[164] Strype, 220.

[165] Questions of conscience were circulated, with answers, all tending to show the unlawfulness of conformity. Strype, 228. There was nothing more in this than the catholic clergy were bound in consistency with their principles to do, though it seemed very atrocious to bigots. Mr. Butler says, that some theologians at Trent were consulted as to the lawfulness of occasional conformity to the Anglican rites, who pronounced against it. Mem. of Catholics, i. 171.

[166] The trick of conjuration about the queen's death began very early in her reign (Strype, i. 7), and led to a penal statute against "fond and fantastical prophecies." 5 Eliz. c. 15.

[167] I know not how to charge the catholics with the conspiracy of the two Poles, nephews of the cardinal, and some others, to obtain five thousand troops from the Duke of Guise, and proclaim Mary queen. This seems, however, to have been the immediate provocation for the statute 5 Eliz.; and it may be thought to indicate a good deal of discontent in that party upon which the conspirators relied. But as Elizabeth spared the lives of all who were arraigned, and we know no details of the case, it may be doubted whether their intentions were altogether so criminal as was charged. Strype, i. 333; Camden, 388 (in Kennet).

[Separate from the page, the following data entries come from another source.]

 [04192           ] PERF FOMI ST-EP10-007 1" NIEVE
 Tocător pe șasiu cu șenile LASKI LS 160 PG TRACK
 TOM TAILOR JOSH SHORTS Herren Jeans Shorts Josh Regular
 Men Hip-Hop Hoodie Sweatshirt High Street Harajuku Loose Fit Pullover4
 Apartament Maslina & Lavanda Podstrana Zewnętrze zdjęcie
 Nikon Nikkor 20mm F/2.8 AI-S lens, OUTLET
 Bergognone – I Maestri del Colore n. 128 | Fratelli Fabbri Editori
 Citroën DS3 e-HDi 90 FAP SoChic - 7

Strype tells us (i. 374) of resolutions adopted against the queen in a consistory held by Pius IV. in 1563; one of these is a pardon to any cook, brewer, vintner, or other, that would poison her. But this is so unlikely, and so little in that pope's character, that it makes us suspect the rest, as false information of a spy.

[168] 5 Eliz. c. 1.

[169] Strype, Collier, Parliamentary History. The original source is the manuscript collections of Fox the martyrologist, a very unsuspicious authority; so that there seems every reason to consider this speech, as well as Mr. Atkinson's, authentic. The following is a specimen of the sort of answer given to these arguments: "They say it touches conscience, and it is a thing wherein a man ought to have a scruple; but if any hath a conscience in it, these four years' space might have settled it. Also, after his first refusal, he hath three months' respite for conference and settling of his conscience." Strype, 270.

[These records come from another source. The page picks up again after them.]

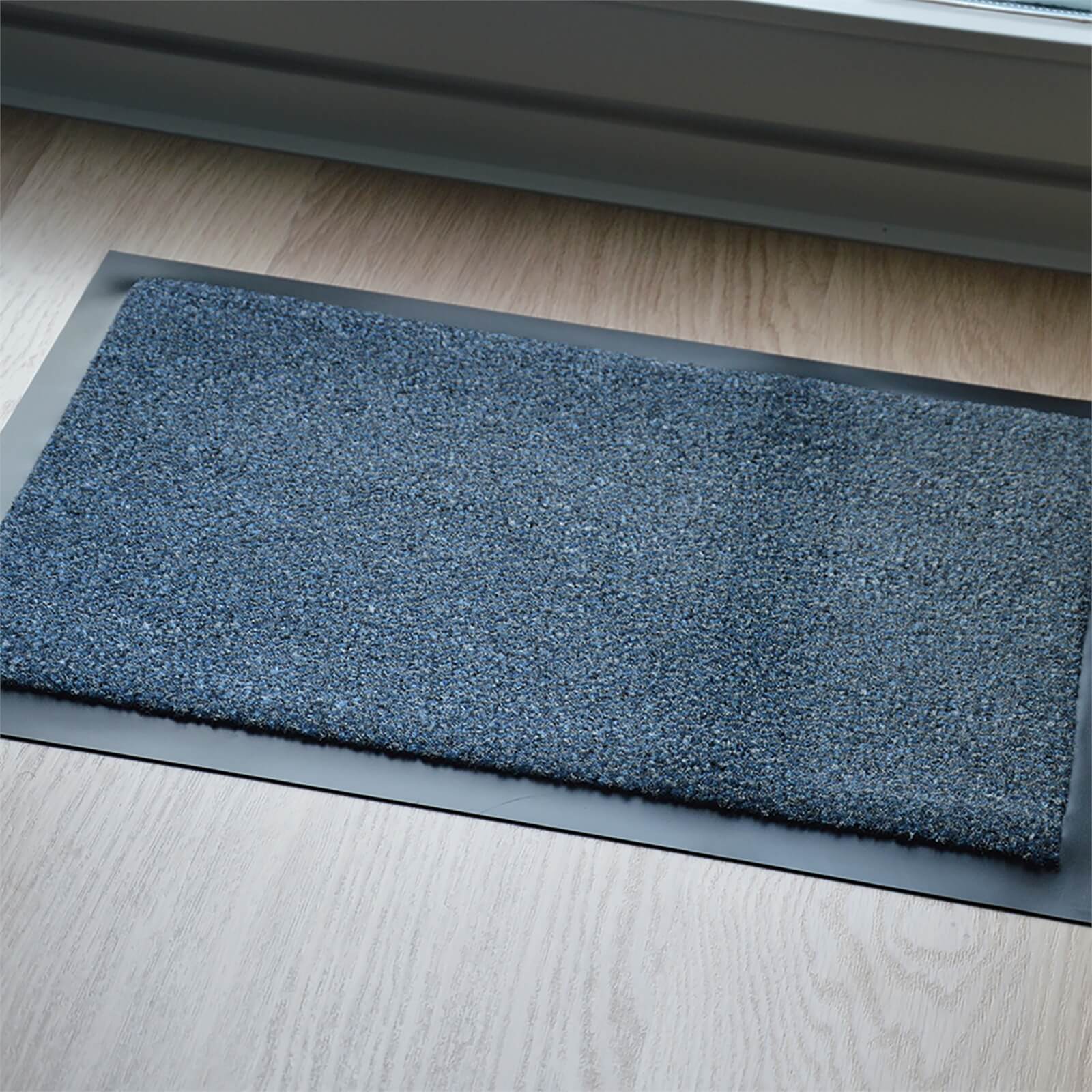 Apollo Dirt Trapper Doormat Charcoal - 60 x 90cm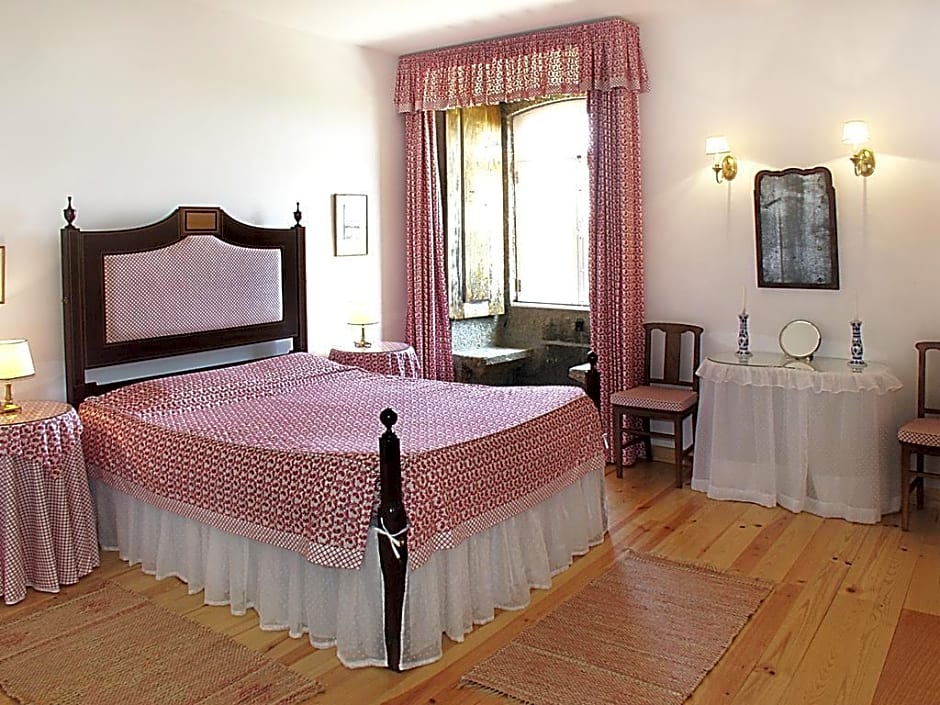 Casa De Vilarinho De S.Romao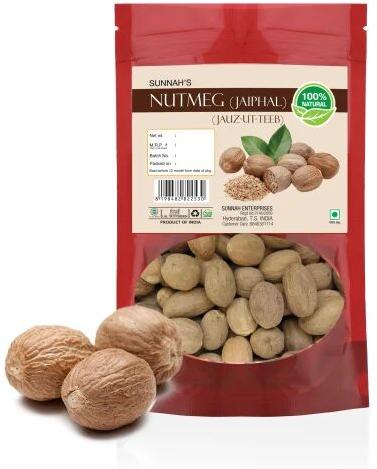 Sunnah\'s Nutmeg, for Spice, Packaging Size : 200 gm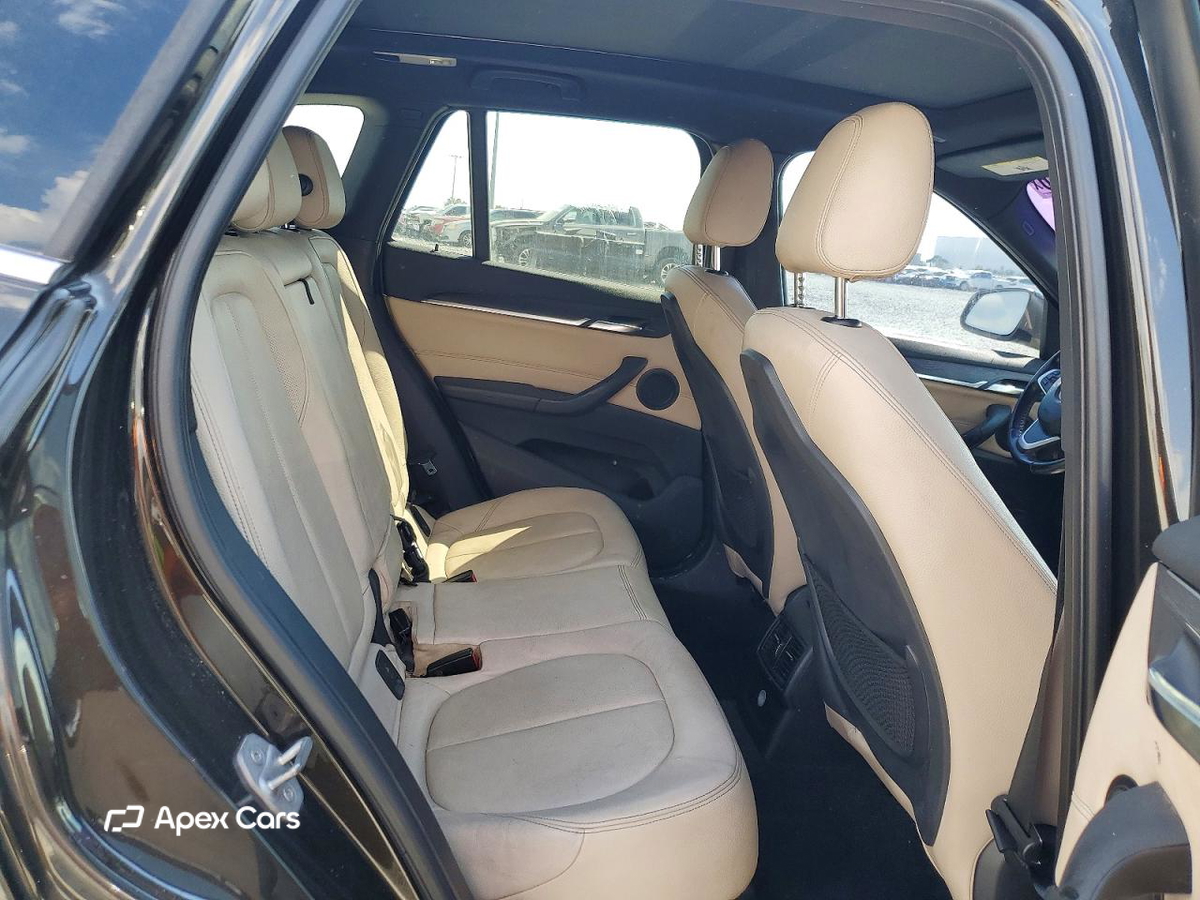 BMW X1 2016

[170] Strype's Life of Parker, 125.

[171] Strype's Annals, 149. Tunstall was treated in a very handsome manner by Parker, whose guest he was. But Feckenham, abbot of Westminster, met with rather unkind usage, though he had been active in saving the lives of protestants under Mary, from Bishops Horn and Cox (the latter of whom seems to have been an honest, but narrow-spirited and peevish man), and at last was sent to Wisbeach gaol for refusing the oath of supremacy. Strype, i. 457, ii. 526; Fuller's Church History, 178.

[172] 8 Eliz. c. 1. Eleven peers dissented, all noted catholics, except the Earl of Sussex. Strype, i. 492.